This morning saw the 2018 MIPCOM Personality of the Year keynote from Issa Rae, the creator, producer and star of HBO show Insecure, who is also an award-winning online star (with her web-show The Misadventures Of Awkward Black Girl) and a bestselling author, thanks to her collection of essays. She was interviewed by writer and critic Iris Brey.

Rae started by talking about her early inspirations. “The desire came at a young age. My parents had one of those old Apple computers, and I just loved telling stories and typing… that runs in our family: just making each other laugh. So for me, I wanted to tell funny stories,” she said.

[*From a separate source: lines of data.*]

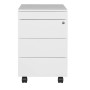 Wolfstahl Rollcontainer Stahl 4 Auszüge Weiss abschliessbar 40 x 60 x 62 cm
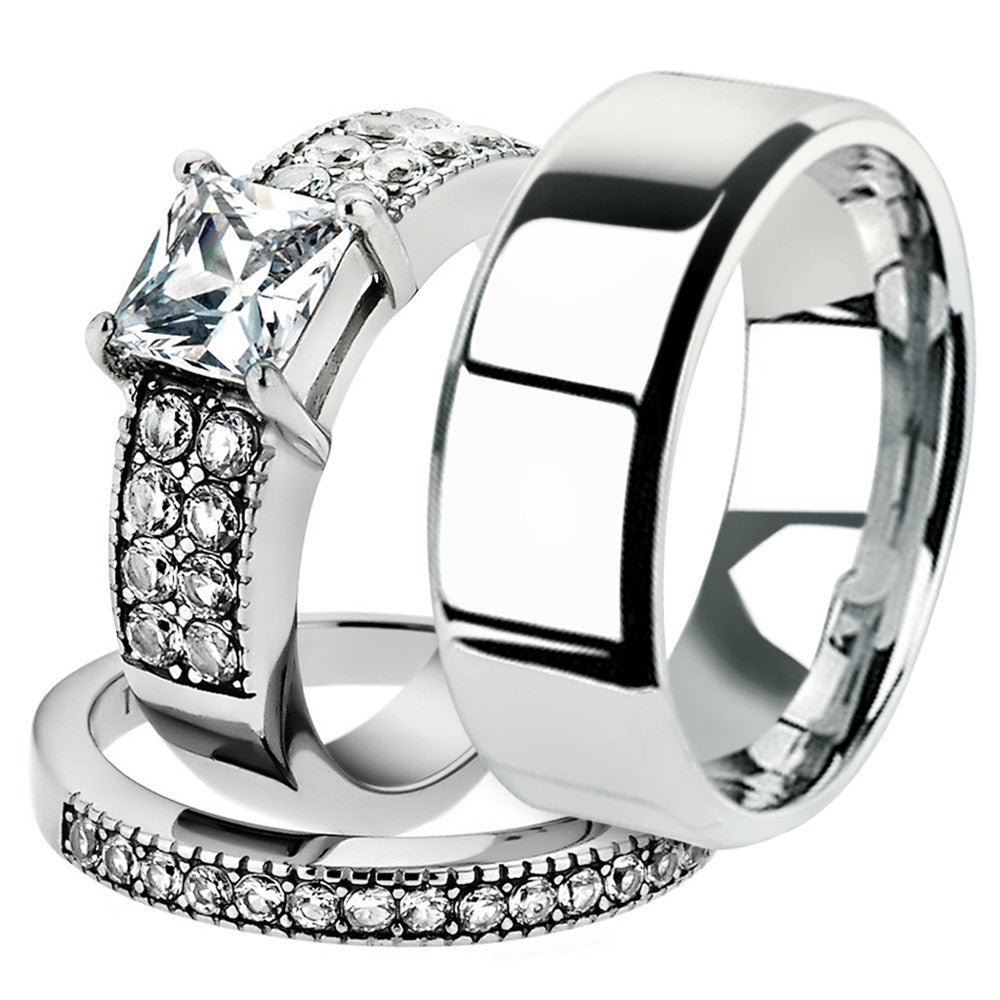 His & Her 3pc Stainless Steel 2.07 Ct Cz Bridal Ring Set & Men Beveled Edge Band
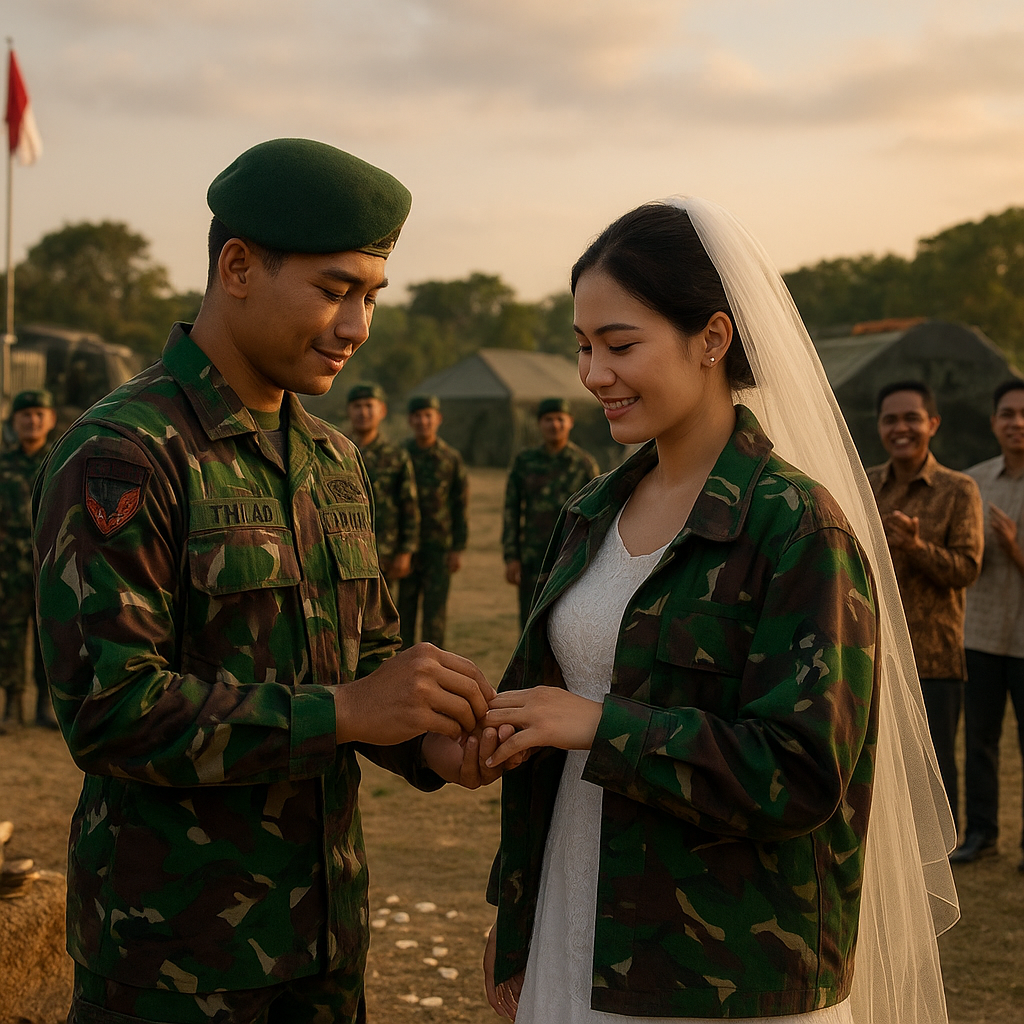 Pasangan Prajurit TNI AD Menikah di Medan Latihan, Dihadapi Rekan Sejawat dan Keluarga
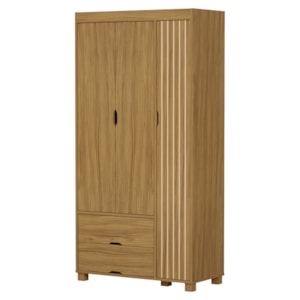 Guarda Roupa Solteiro 3 Portas 2 Gavetas MDF 89 cm Bela Nature Decmade
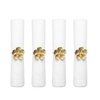 Lot de 4 ronds de serviettes fleurs dorées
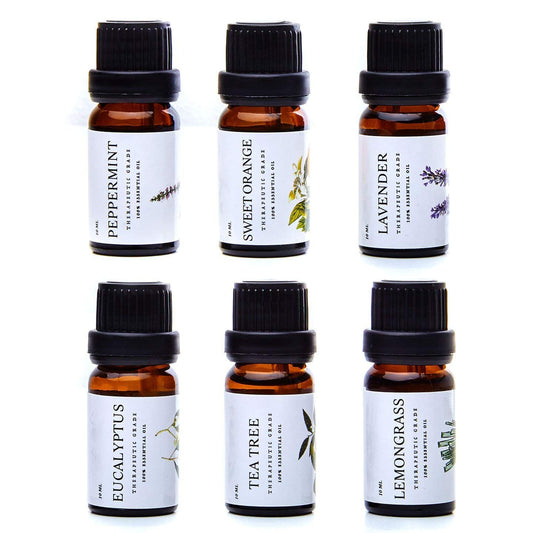 Essential Oils By Pure Essentials 100% Pure Oils Kit- Top 6 Aromatherapy Oils Gift Set-6 Pack, 10Ml(Eucalyptus, Lavender, Lemon Grass, Orange, Peppermint, Tea Tree)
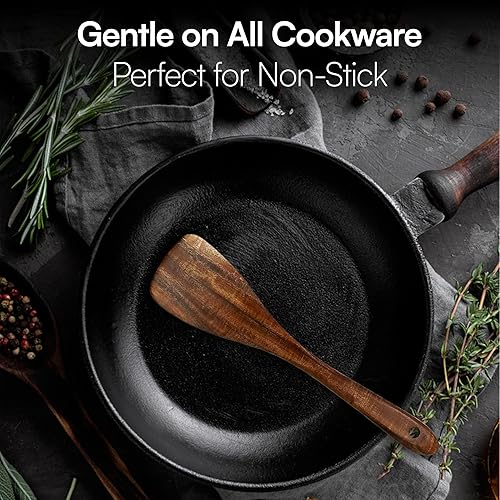 Miniatura 4 de Juego de utensilios de madera de teca premium, 7 cucharas y espátulas de cocina hechas a mano, antiadherentes, duraderos, resistentes al calor para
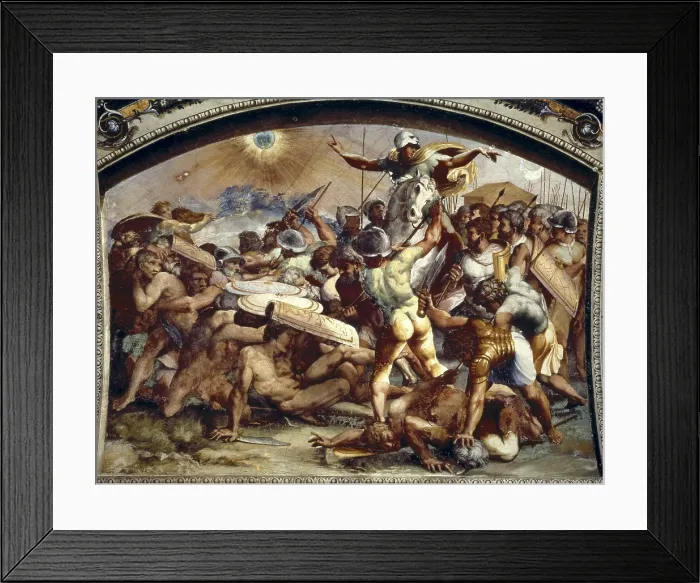 Framed Print : Raphael (1483-1520). Logge. Joshua Stopping the Sun. 1518-1519. VATICAN CITY. Vatican Palaces. Renaissance art. Cinquecento. Fresco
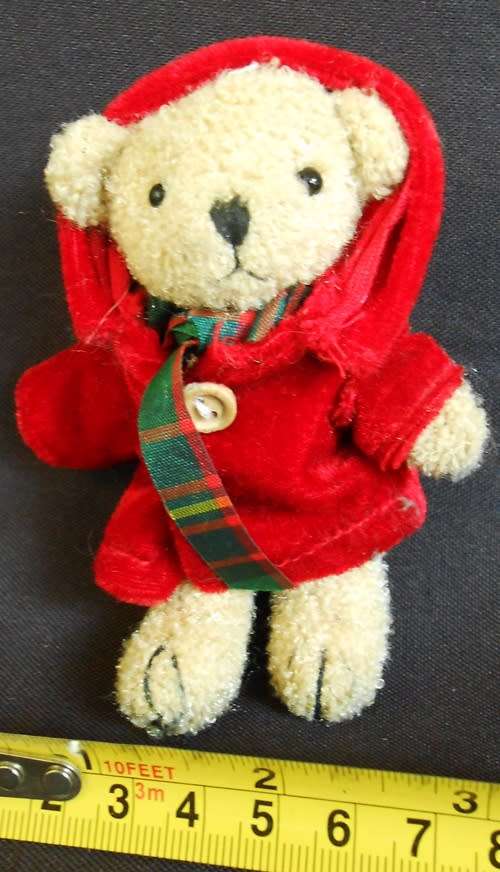 collectable Small Teddy Bear in a red velvet coat made in England by Storm International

Later on, she was also influenced by what she saw on television – and also what she didn’t see. “There was a singular representation of black women that I felt was not characteristic of anyone I knew. It was at that time that I decided I want to create something, that reflects me and my friends.” That led to Dorm Diaries. “I had a lightbulb moment when I was in the bathroom. ‘I should create a soap opera or a docuseries of what it’s like to be black at Stanford University. I should cast my friends. They will share it because they’re vain!’” she laughed.

Rae cited experiences from her career being told that there wasn’t an audience for this kind of content. “The answer for me was putting something online for my friends to watch,” she said. “Wow! I didn’t have to go through anyone. I just put it out there and people are watching it.”

By the time she was making The Misadventures Of Awkward Black Girl – starring in it herself because the friend she’d earmarked for the lead role had gone to law school – Rae had at least one new inspiration: Grey’s Anatomy / Scandal showrunner Shonda Rhimes.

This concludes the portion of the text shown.